- [WHAT THE TASK REQUIRES]:
Please retype the data below line for line and leave out every picture.

---------- RECORDED INFORMATION

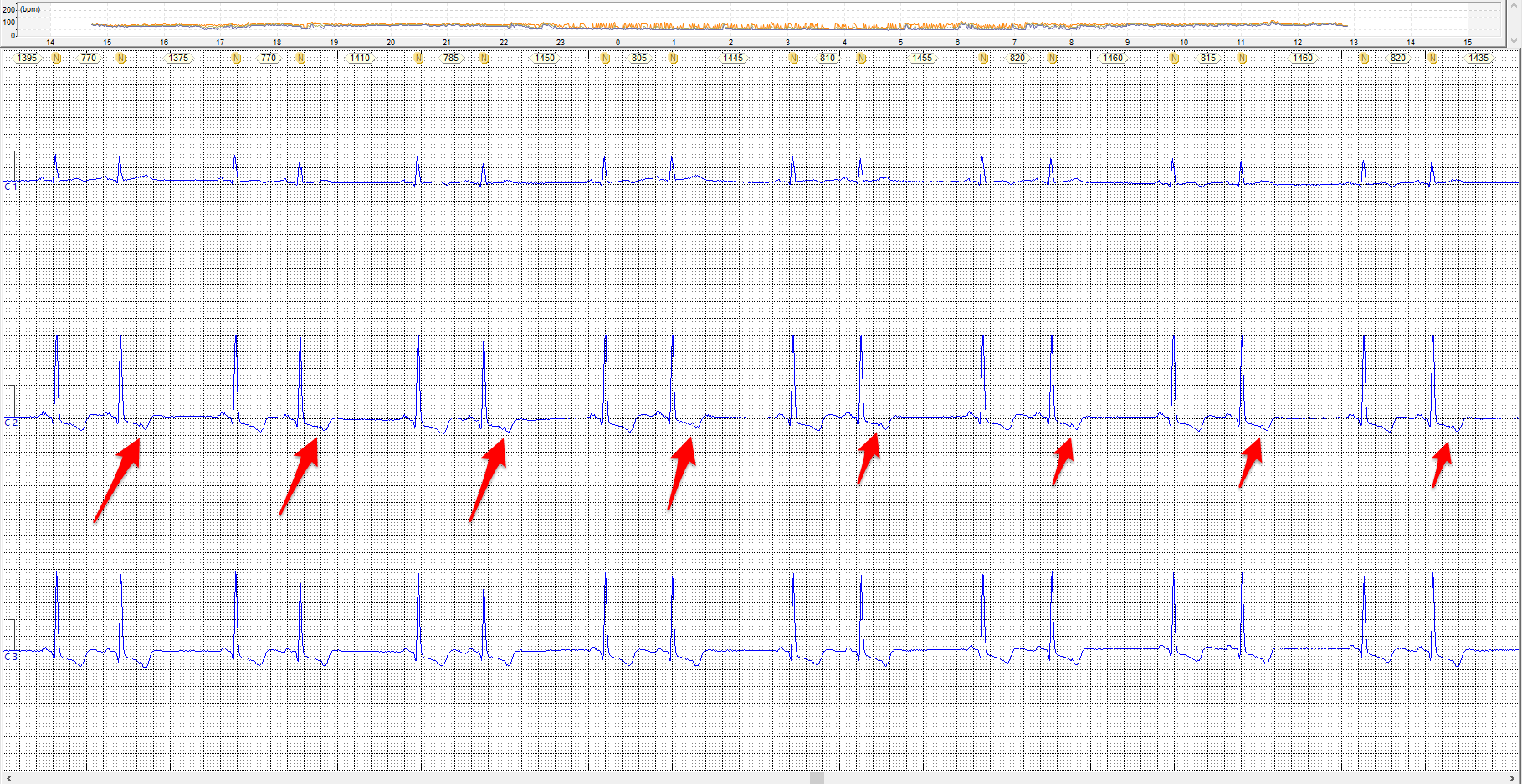 bigeminismo ventricular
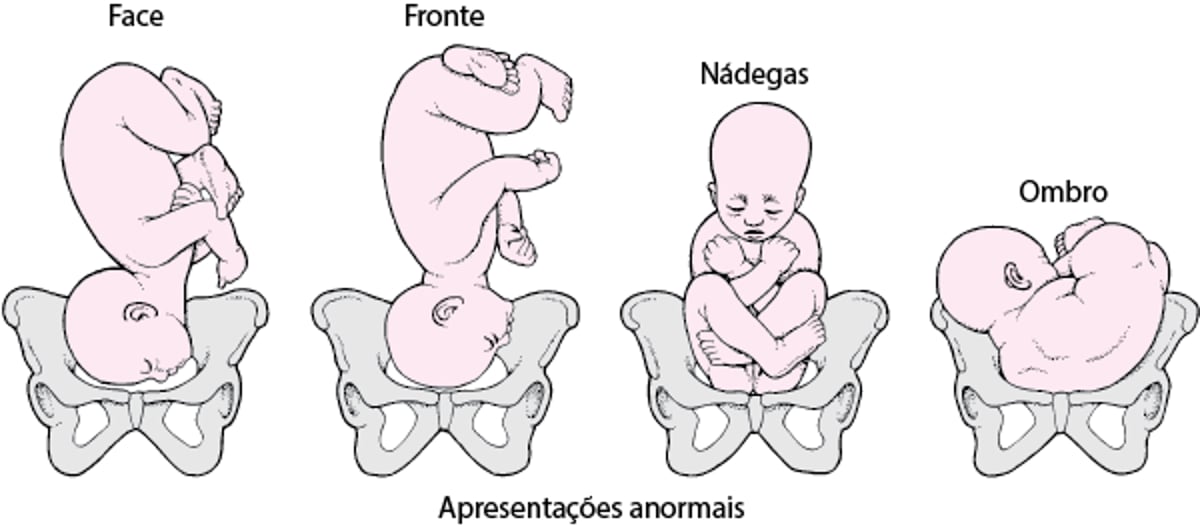 Posição e apresentação do feto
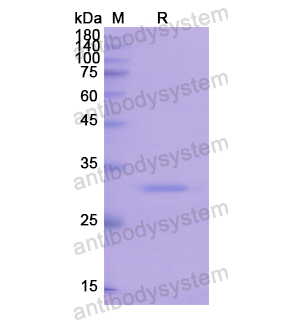 Recombinant Human PDK1/PDPK1, N-His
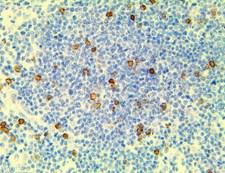 HAAO Antibody - IHC of TCR Delta on an FFPE Thymus Tissue
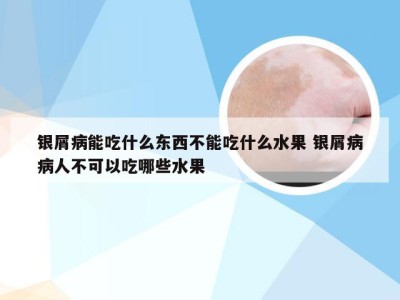 银屑病能吃什么东西不能吃什么水果 银屑病病人不可以吃哪些水果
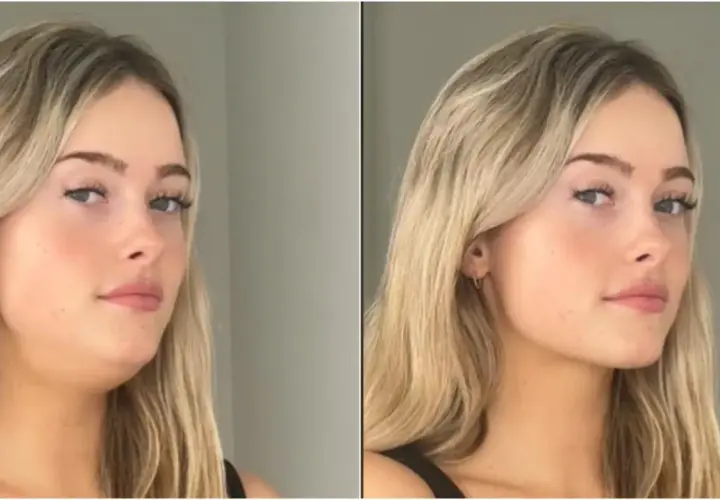 Comparación de antes y después de una mujer. A la izquierda, se ve un doble mentón. A la derecha, tras aplicar la técnica de **que es mewing**, su mandíbula luce más definida.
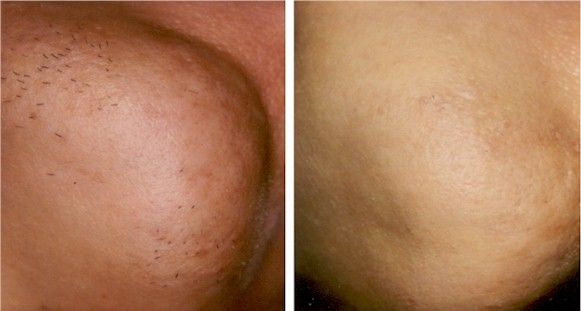 Before and after image of laser hair removal treatment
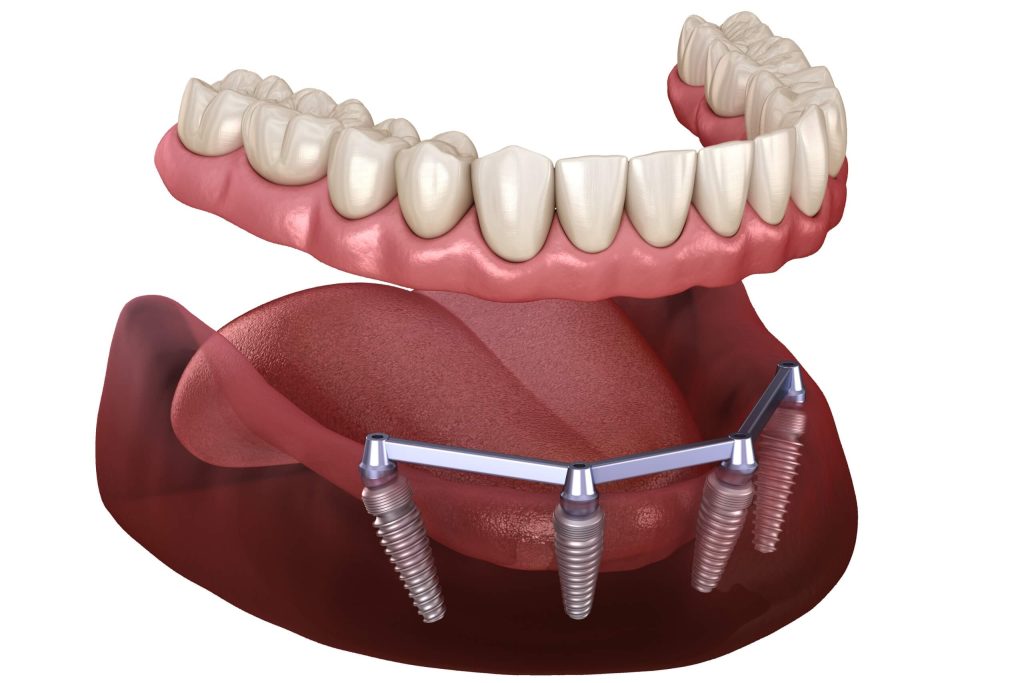 T8 Prothese complete amovible sur implants A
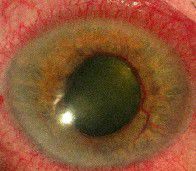 ligilo al neovaskula glaukomo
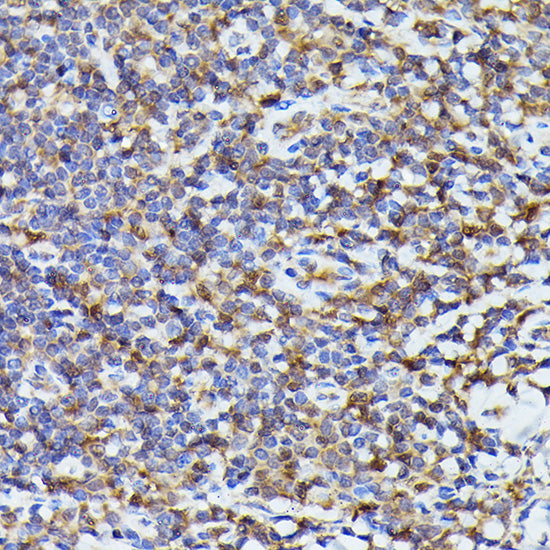 ASC/TMS1 Rabbit pAb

--------------------

- [OUTPUT FOR THIS TASK]:
 bigeminismo ventricular
 Posição e apresentação do feto
 Recombinant Human PDK1/PDPK1, N-His
 HAAO Antibody - IHC of TCR Delta on an FFPE Thymus Tissue
 银屑病能吃什么东西不能吃什么水果 银屑病病人不可以吃哪些水果
 Comparación de antes y después de una mujer. A la izquierda, se ve un doble mentón. A la derecha, tras aplicar la técnica de **que es mewing**, su mandíbula luce más definida.
 Before and after image of laser hair removal treatment
 T8 Prothese complete amovible sur implants A
 ligilo al neovaskula glaukomo
 ASC/TMS1 Rabbit pAb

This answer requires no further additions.